I was therefore not without prejudice about the artistic significance of her creative work. «Who did this?», I had nearly asked, as her husband pointed to a sculpture which at first sight seemed like a kind of metal relief, bronze for example, but on closer examination turned out to be a cardboard structure in which human silhouettes could be recognised. I had expected graphically structured works of beauty and elegance, works of aesthetic perfection and compositional austerity. Instead larger-than-life, face- and limbless figures made of hardened cardboard or grey concrete.
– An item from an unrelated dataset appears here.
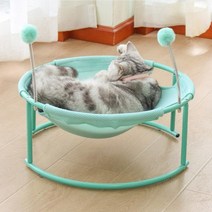 폼폼 스프링 고양이 해먹침대(민트) 고양이해먹방석, 상세 참조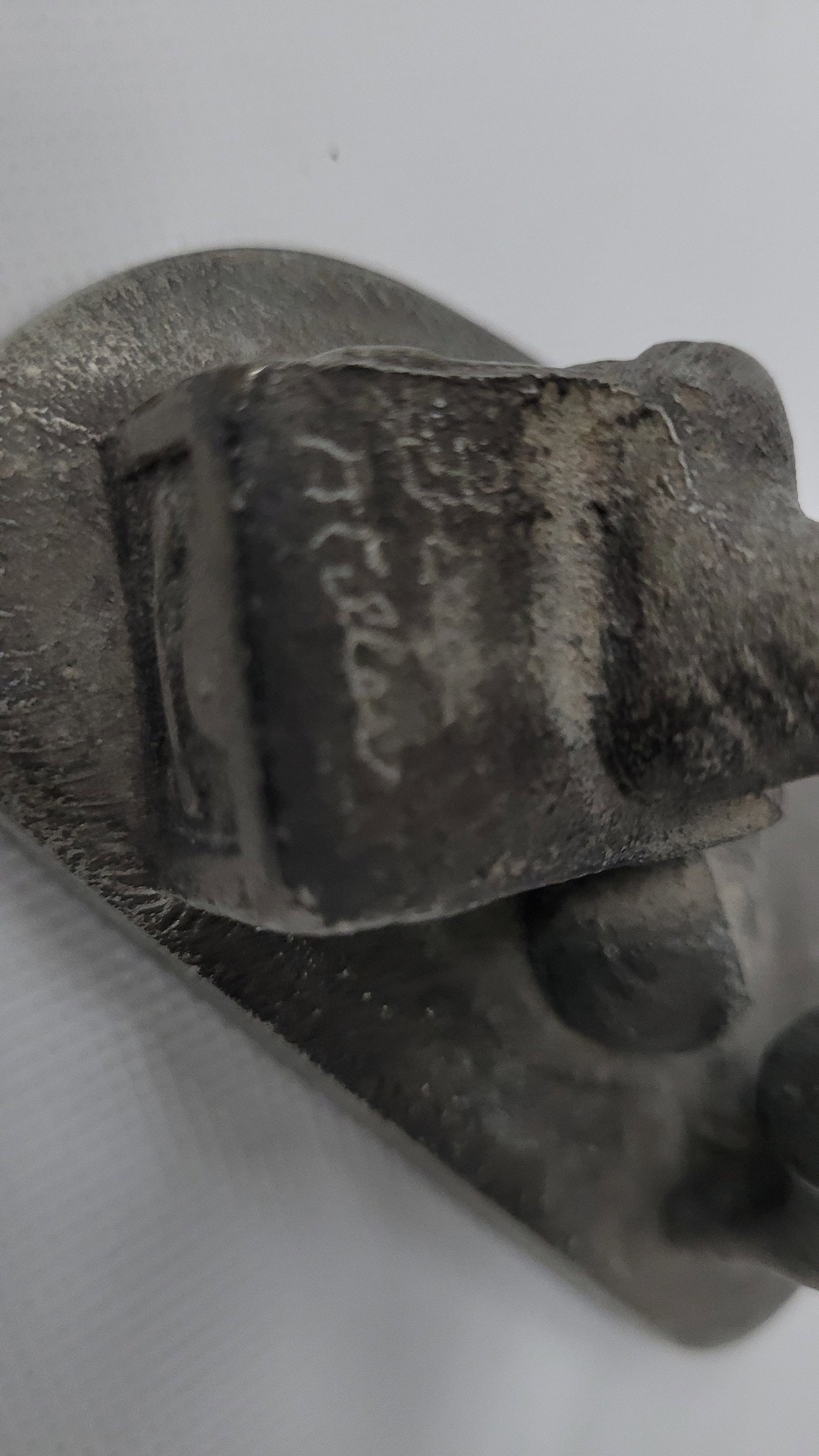 Vintage Pirate Statues Bookends Cast Iron book holders Brushed Silver Pewter 5.5"H - 3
The first-mentioned made for the inside, alone or in formation, the latter preferably standing outside together in groups of two or three and robbing the garden of its innocent charm.
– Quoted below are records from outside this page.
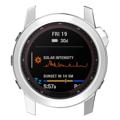 Garmin Fenix 7X/7X Solar Elektropläterat TPU-skal - Silver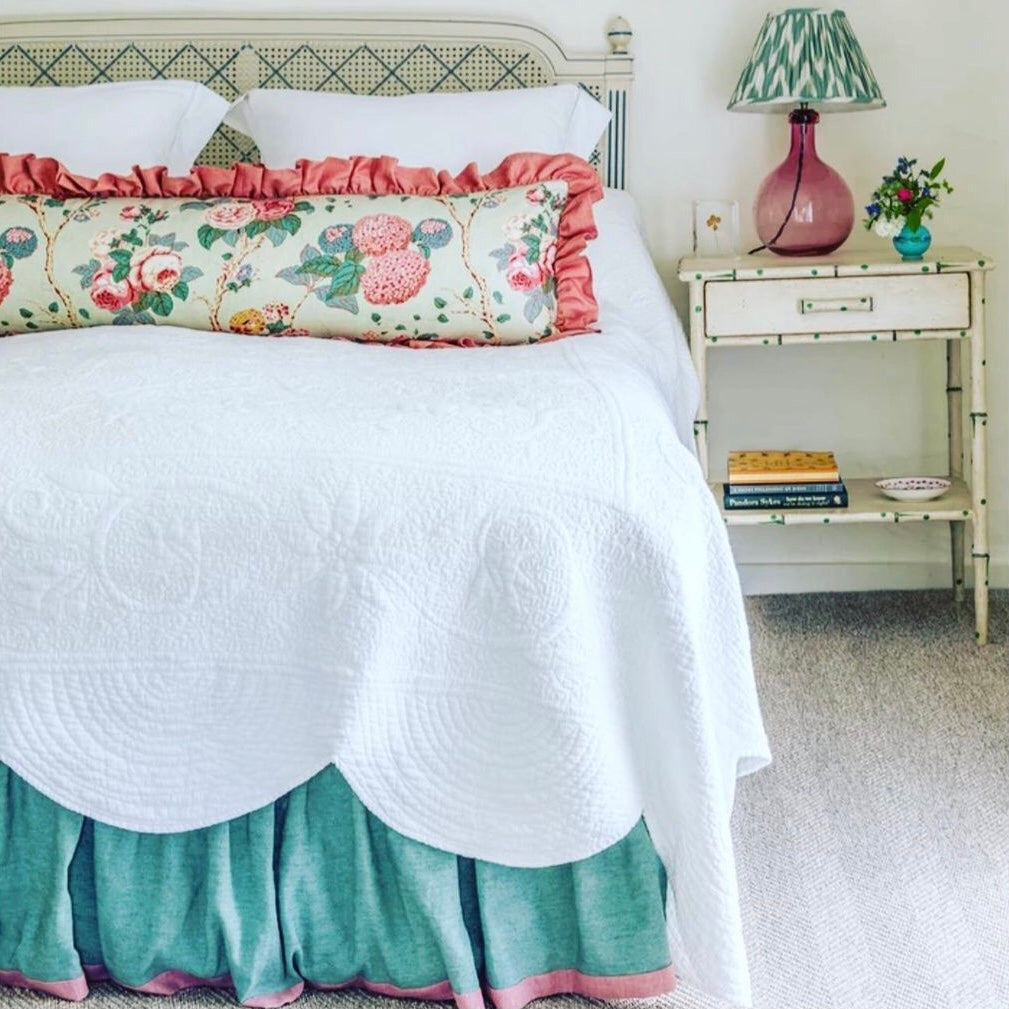scalloped bedspread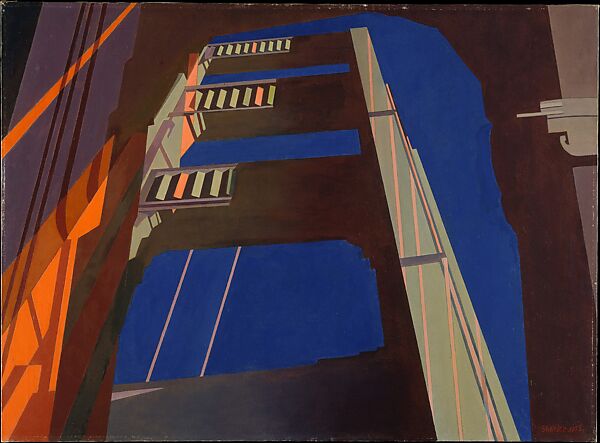 Golden Gate, Charles Sheeler  American, Oil on canvas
My first inner reaction was dismay, hit by a reality not defined for the time being, thrown out of the course of daily routine, stumbling onto the path of an inescapable reality. In the meantime I have had the chance to circle, encircle, to approach Liz Gehrers works in silent dialogue: a pair of figures, last summer found its way into the midst of the olive grove in Celidonia.

I perceive: oversized, overly slim human silhouettes, each one stiffly wrapped, walled in, frozen. They have no face, no arms, no legs. They could be silent memorials of modern terror and still don’t let such thoughts crop up. Because in all their stiffness they are alive, look at you and each other without having eyes, step into a rhythmic relationship which can well become a dance as you walk around them.

What do they represent to me? They stand for the tragedy of the human existence which is only conceivable in community, but can be lived solely in segregation. For the distinctive ability of man to communicate in spite of the fact that in life’s dance, in the end he will always remain without face, voiceless and untouchable, except perhaps for those rare moments in which the ice melts, the armour cracks, the wrapping falls. For a time in which we stand in the midst of the blossoming garden, mute and dull, without sense of direction, without arms, helplessly dancing our lonely dance.

In those days in Liz Gehrers studio I had drawn her attention to the very fine cracks which could only be noticed on close examination of her first concrete sculptures and said that it might be wise not to expose them to the elements or at least to protect them by means of synthetic materials. «No», she replied. «If they disintegrate in rain, cold and ice then that’s all right. I’m curious about what will happen to them over the next years.» Will they one day become similes of human transience?

Paul O.Pfister, Publicist, Chiusdino (Tuscany, Italy), January 1994

Paul O.Pfister has published several books, i.a. "Lob der Angst" (1994), "Die Rotonde von Montesiepi" (1999), "Geworden" (2000) and "Furbi" (2001).